PROBLEM DETAILS: Restate word for word the lines below from the one that has "SmartFinancial, Inc." through the one that has "Lechner, Gregor Martin", keeping both and dropping all pictures.

EXERCISE INPUT:
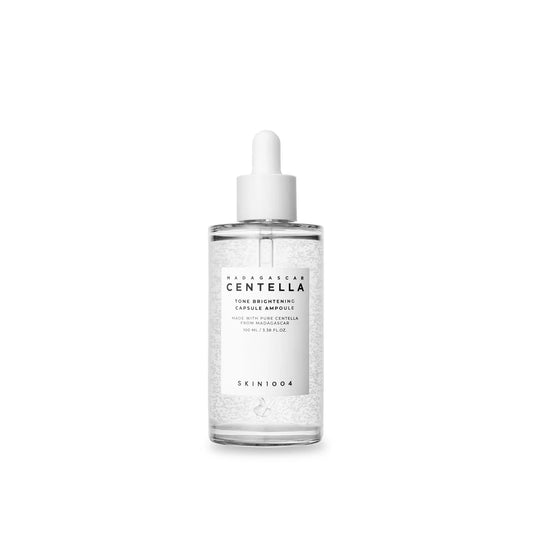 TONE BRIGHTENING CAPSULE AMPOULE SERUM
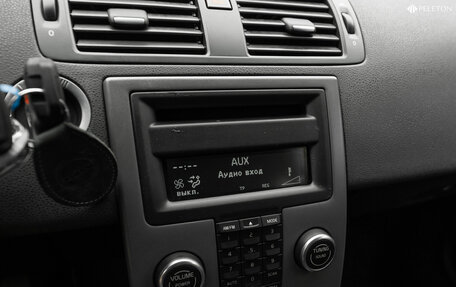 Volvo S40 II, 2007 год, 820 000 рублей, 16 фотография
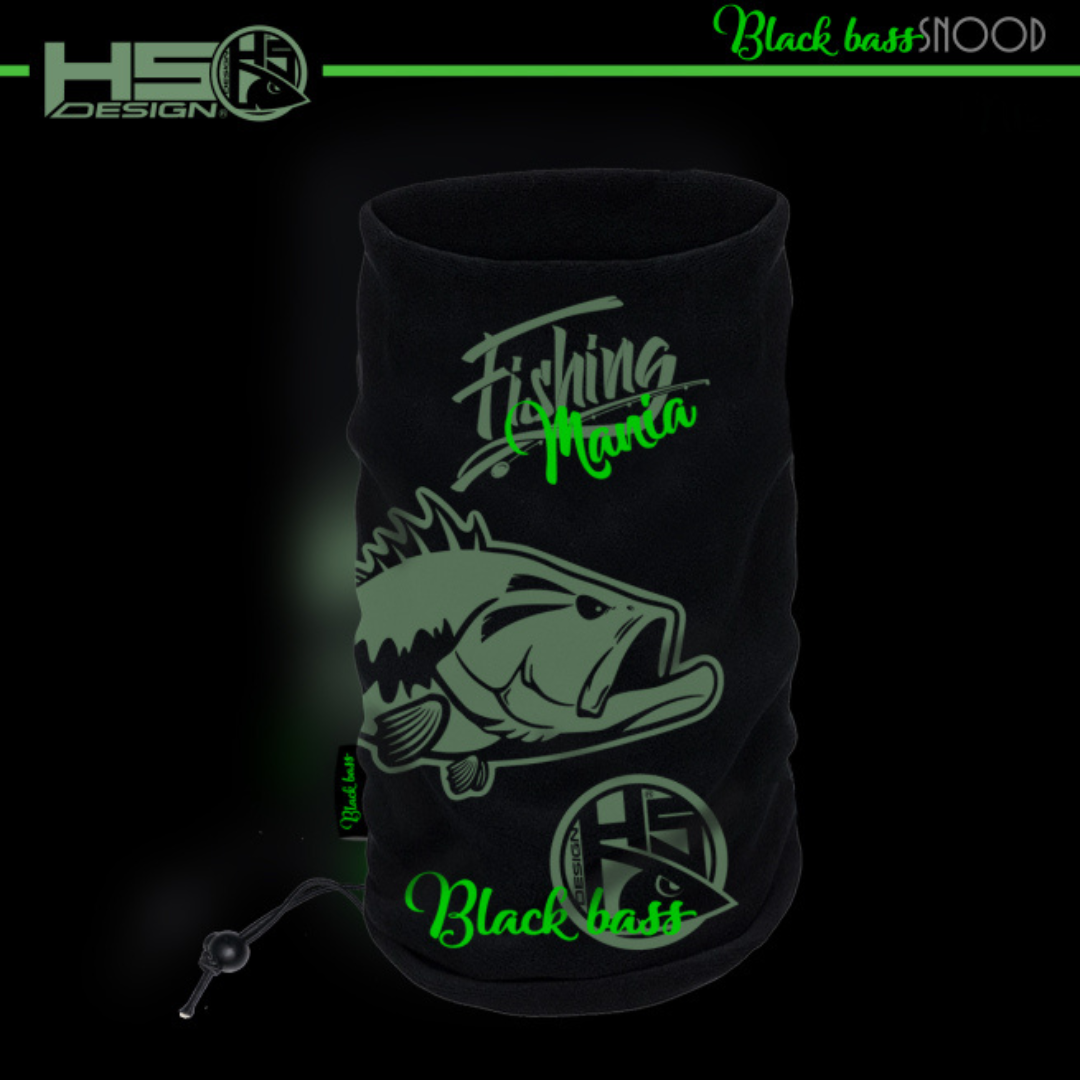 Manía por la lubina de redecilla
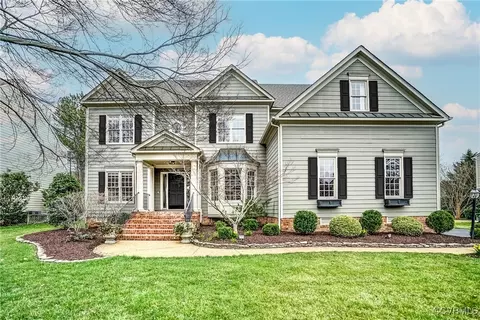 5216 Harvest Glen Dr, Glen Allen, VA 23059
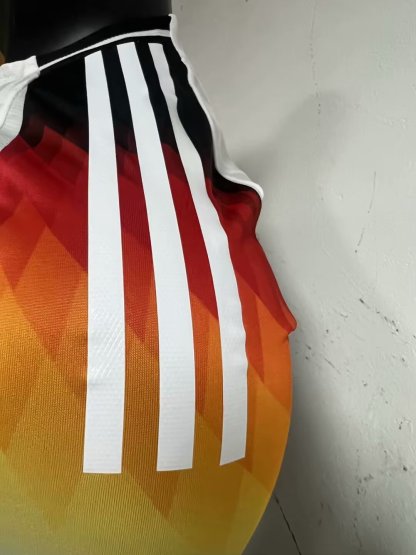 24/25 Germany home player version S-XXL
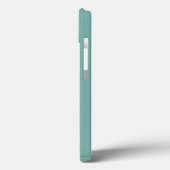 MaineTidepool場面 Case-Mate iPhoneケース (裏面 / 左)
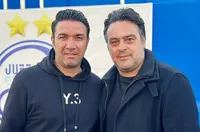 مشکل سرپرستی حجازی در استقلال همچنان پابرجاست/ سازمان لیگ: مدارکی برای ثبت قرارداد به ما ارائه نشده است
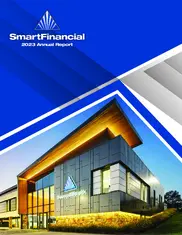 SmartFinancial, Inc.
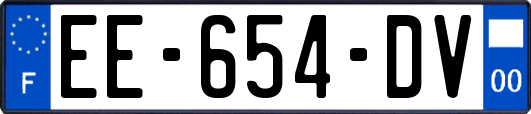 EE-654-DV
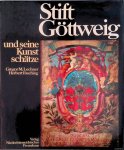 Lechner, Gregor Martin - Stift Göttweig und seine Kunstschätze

==

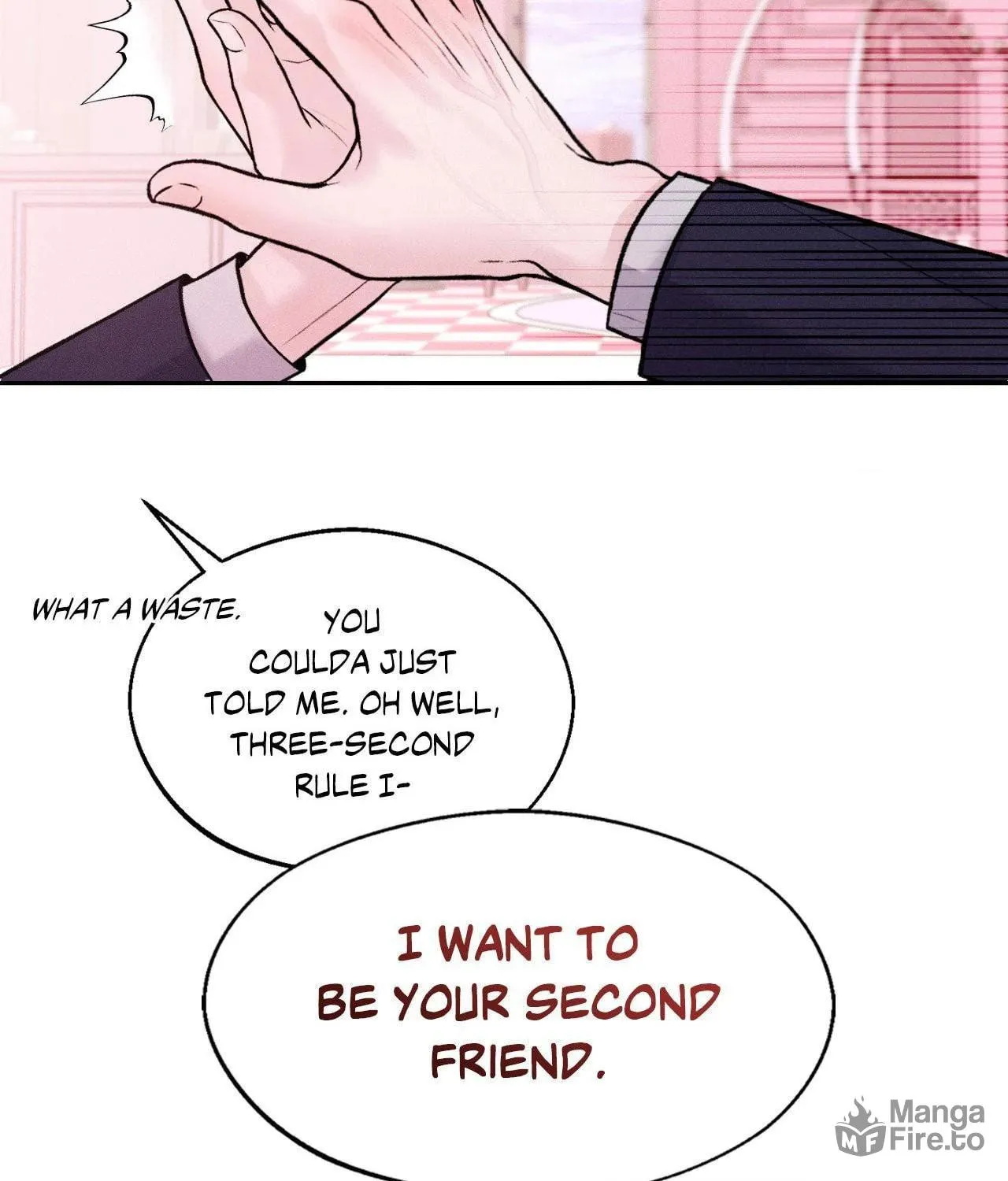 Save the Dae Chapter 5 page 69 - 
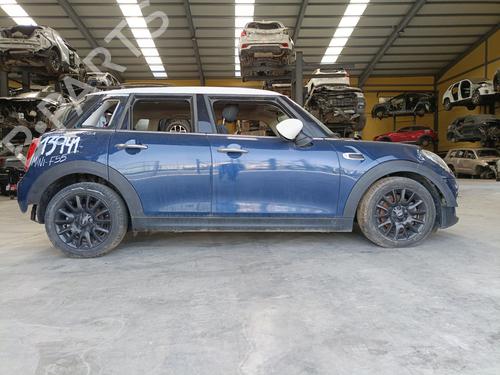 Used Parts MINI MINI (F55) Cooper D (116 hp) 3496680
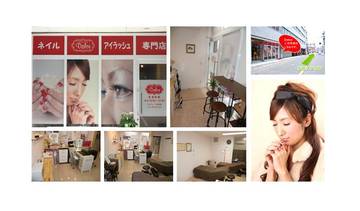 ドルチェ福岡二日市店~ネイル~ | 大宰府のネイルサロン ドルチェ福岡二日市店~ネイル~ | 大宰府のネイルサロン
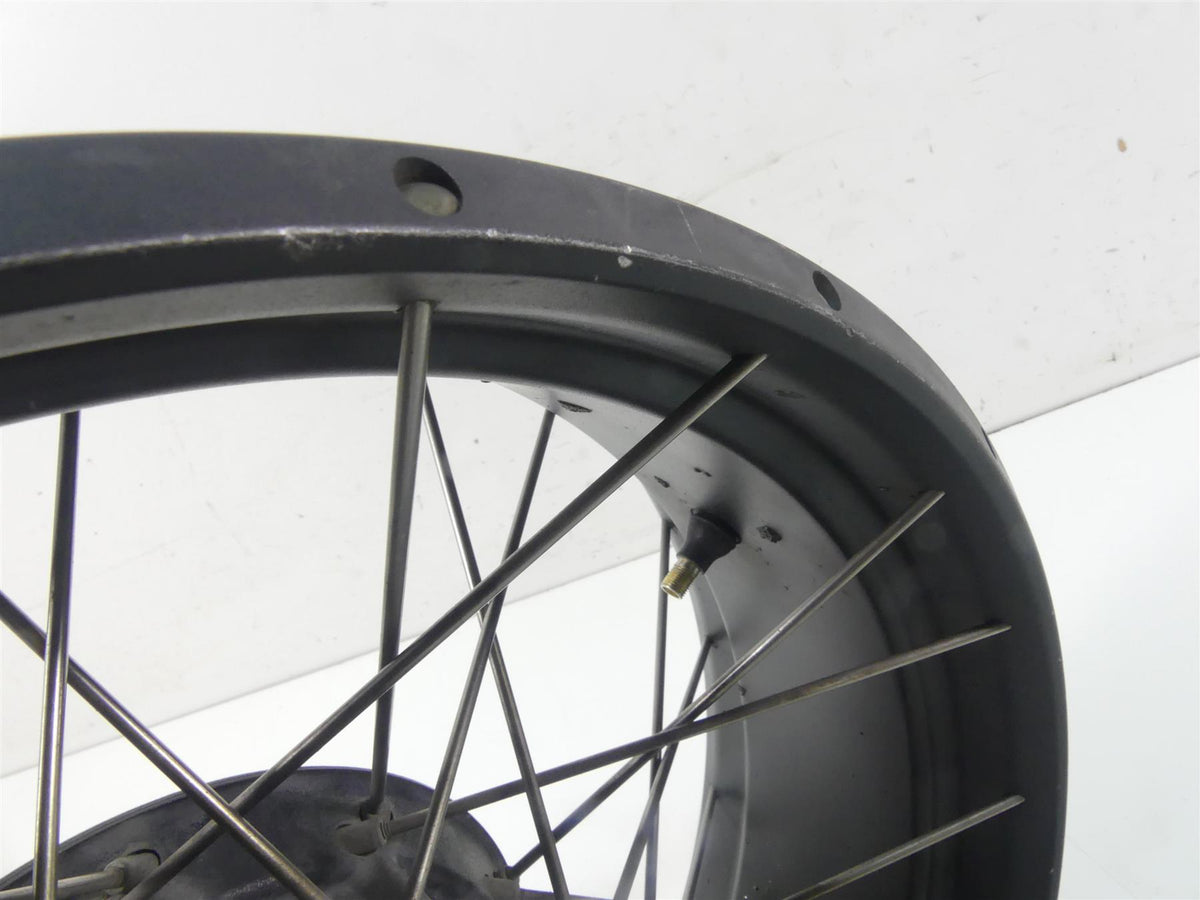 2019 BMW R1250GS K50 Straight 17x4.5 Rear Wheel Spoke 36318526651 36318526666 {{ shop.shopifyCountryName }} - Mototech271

--

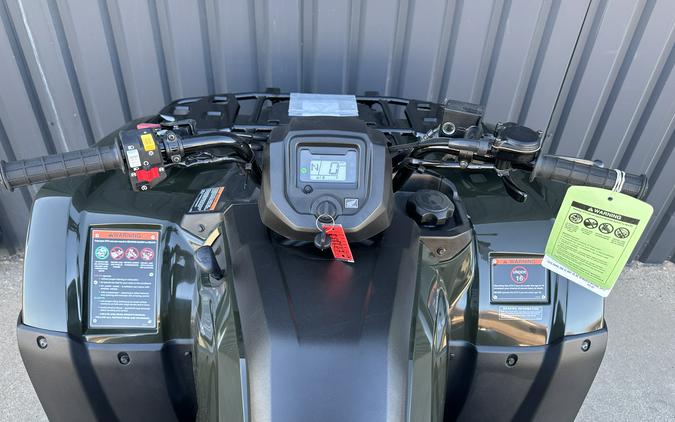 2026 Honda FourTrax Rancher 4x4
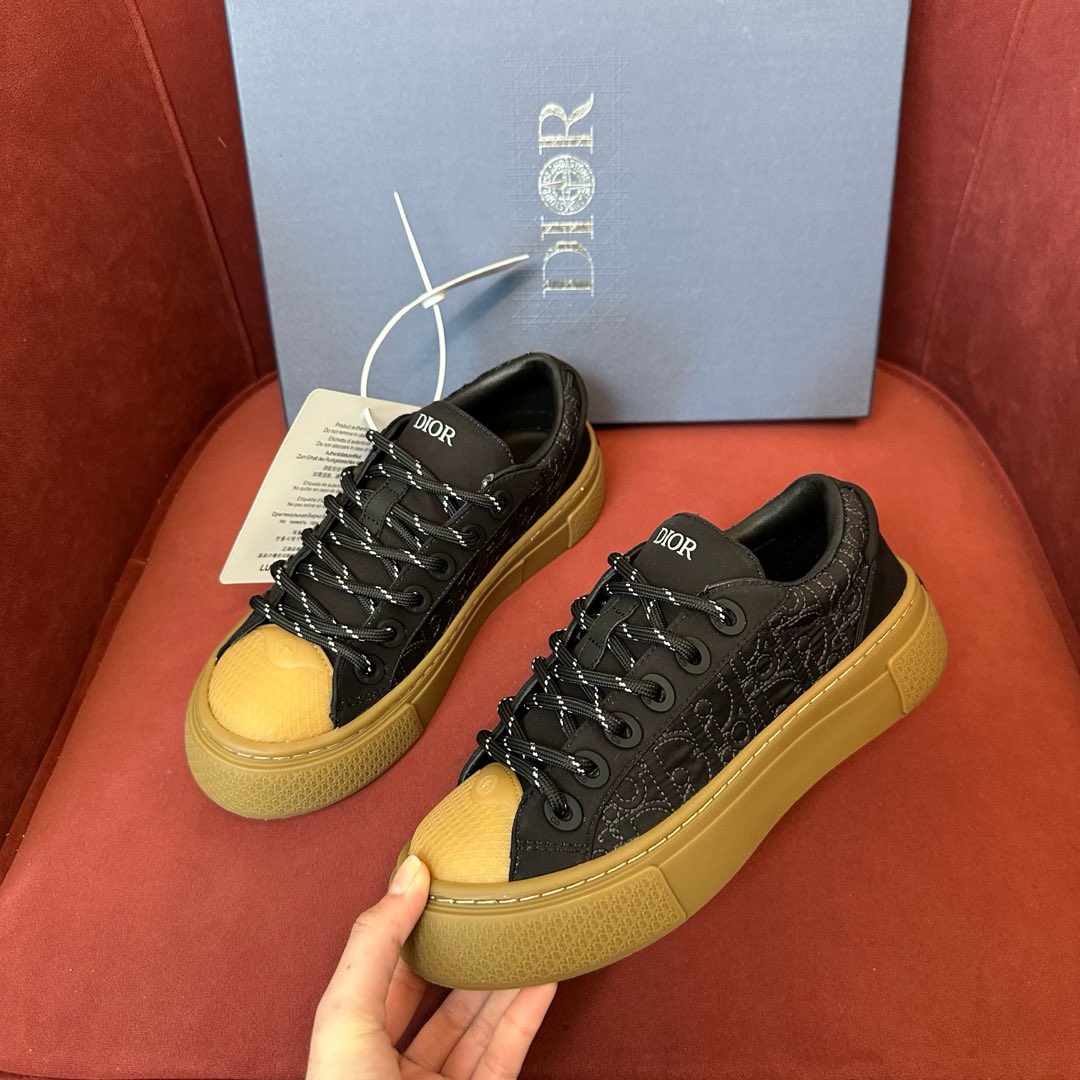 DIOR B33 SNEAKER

SOLUTION TO THIS TASK:
 SmartFinancial, Inc.
 EE-654-DV
 Lechner, Gregor Martin - Stift Göttweig und seine Kunstschätze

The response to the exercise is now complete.